Lors de son décès, en 1827, John Clark laisse à son unique petit-fils, Stanley Clark Bagg, né en 1820, la plupart de ses biens, dont la Clark Cottage Farm devenue aujourd’hui le parc Jarry. Dans le même testament, John Clark lègue à sa femme Mary Mitcheson la Mile End Farm de 60 arpents qui longe le chemin Saint-Laurent, de la limite de la ville au sud de la voie Duluth jusqu’à l’avenue du Mont-Royal, avec sa résidence, Mile End Lodge, située à la limite sud de la ferme; ainsi qu’une autre ferme de 15 acres située plus au nord. Quant à sa fille, Mary Ann, l’épouse de Stanley, elle hérite des propriétés de Durham, en Angleterre. Mary décède cependant en 1835, à l’âge de 39 ans, et laisse son fils Stanley Clark Bagg, un mineur de 14 ans, comme seul héritier.
Un patrimoine foncier sans équivalent
Stanley Clark Bagg
Lorsque Stanley Clark Bagg prend en main les affaires familiales, il partage avec son grand-père et son père une vision de la propriété foncière qui s’inspire des pratiques de la noblesse anglaise : la famille demeure propriétaire de grands domaines pendant plusieurs générations, vivant des revenus tirés de leur location et de leur exploitation. Ces revenus proviennent de deux sources : dans les zones encore rurales, les fermes sont louées à des métayers qui s’engagent, souvent par bail notarié, à payer un loyer, à améliorer les terres (enlèvement des pierres, drainage, construction de digues, etc.) et à verser une partie de la récolte. Les baux précisent le type et la quantité de bétail qui devra y être élevé, la nature des fourrages et énumèrent de façon détaillée les travaux d’entretien à accomplir. Par contre, dans les secteurs en voie d’urbanisation, les fermes peuvent être subdivisées en lots urbains.

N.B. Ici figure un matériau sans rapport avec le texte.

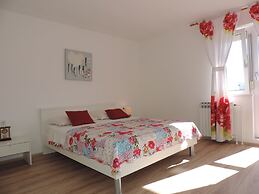 Holiday Home Voloder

Dans la seconde moitié du XIXe siècle, avec l’abolition du régime seigneurial en 1840 sur l’île de Montréal, le régime foncier commence à évoluer vers des formes plus capitalistes d’exploitation du sol. Stanley Clark Bagg reconnait d’ailleurs la dette de la famille envers les Sulpiciens et les arrérages seront payés avant de vendre les terres sous forme de lots. Il ne met cependant pas fin à la pratique d’assujettir ces mêmes lots à la rente constituée, prévue par son grand-père : au contraire, son testament rédigé en 1866 la prolonge et prévoit que ses biens immobiliers ne pourront être vendus à moins d’être accompagnés d’une rente, dont les bénéficiaires sont sa veuve, ses enfants et ses petits-enfants. Il précise même qu’elle ne pourra être remboursée avant que ces derniers atteignent leur majorité. Mais les progrès de l’urbanisation rendent ce type de contrainte de moins en moins attrayant pour les promoteurs fonciers. Les héritiers de Stanley Clark Bagg s’adressent au Parlement québécois en 1874 pour obtenir une loi qui déroge au testament en leur permettant de disposer de leurs propriétés comme bien leur semble.
Cet article est extrait des textes suivants, disponibles sur le site Internet Mémoire du Mile End : Deux familles montréalaises : les Bagg et les Clark, Le boucher John Clark et le marchand Stanley Bagg et Stanley Clark Bagg.
DESJARDINS, Yves. Histoire du Mile End, Québec, Septentrion, 2017, 355 p.